Nicht fort, nur verdrängt

Das achtsame Ich war ein Teil meiner Persönlichkeit, den ich immer wieder mit allen Mitteln wegzudrängen versucht hatte, denn ich war so sehr nach außen gerichtet, so bemüht herauszufinden, was man wohl von mir erwarten könnte und wie ich wohl sein sollte, dass ich eines gar nicht wollte: auf mich selbst hören. Mein achtsames Ich war aber nie verschwunden, es hatte sich nur zurückgezogen und gewartet. Gewartet auf den Moment, an dem ich bereit sein würde, es zu spüren.

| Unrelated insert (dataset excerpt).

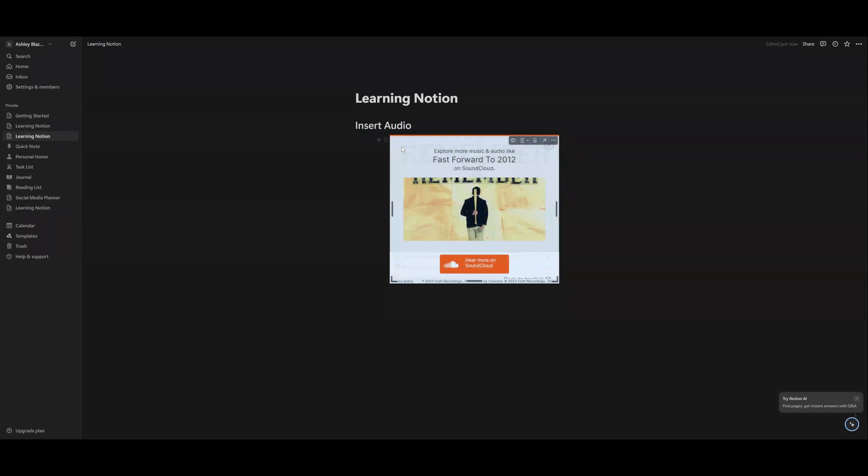And that is how you embed your audio in your Notion template. If you found this video to be helpful, please check out my other videos. You might find those to be helpful too. Thanks. Bye.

Erst hatte ich natürlich keine Ahnung, was sich da in mir regte, was da erwachte und größer und stärker wurde. Ich glaube, zum ersten Mal entdeckte ich mein achtsames Ich auf einem Foto. Ich hatte damit begonnen, Selbstporträts zu machen, sie ermöglichten mir, mich selbst mit einem gewissen Abstand zu sehen und mich geradezu immer wieder neu zu entdecken. Und auf einem Foto sah ich mich, wie ich nie geahnt hatte, dass ich aussehen könnte. Es zeigte sich ein so zufriedenes, glückliches und leuchtend-strahlendes Gesicht, dass ich gar nicht anders konnte, als mich sofort gut zu fühlen. Denn klar: ich sah ja mich, also musste ich das, was auf dem Foto zu sehen war, in mir haben. Erst war es nur ein kleiner Zipfel, aber diesen Zipfel hielt ich fest und fand ihn auch immer wieder, wenn ich ihn doch wieder verlor. Mein achtsames Ich war da und wollte nicht mehr fort. Wie gut!

Ein kostbarer Teil in uns

Ich glaube, dass das achtsame Ich ein kostbarer Teil in jedem von uns ist. Es ist das Gespür dafür, was wir brauchen, was uns gut tut und was uns wichtig ist. Ich glaube, dass das achtsame Ich unser ureigenstes Sein ist und dass seine Aufgabe ist, dass wir gut für uns sorgen und uns erlauben, wir selbst zu sein.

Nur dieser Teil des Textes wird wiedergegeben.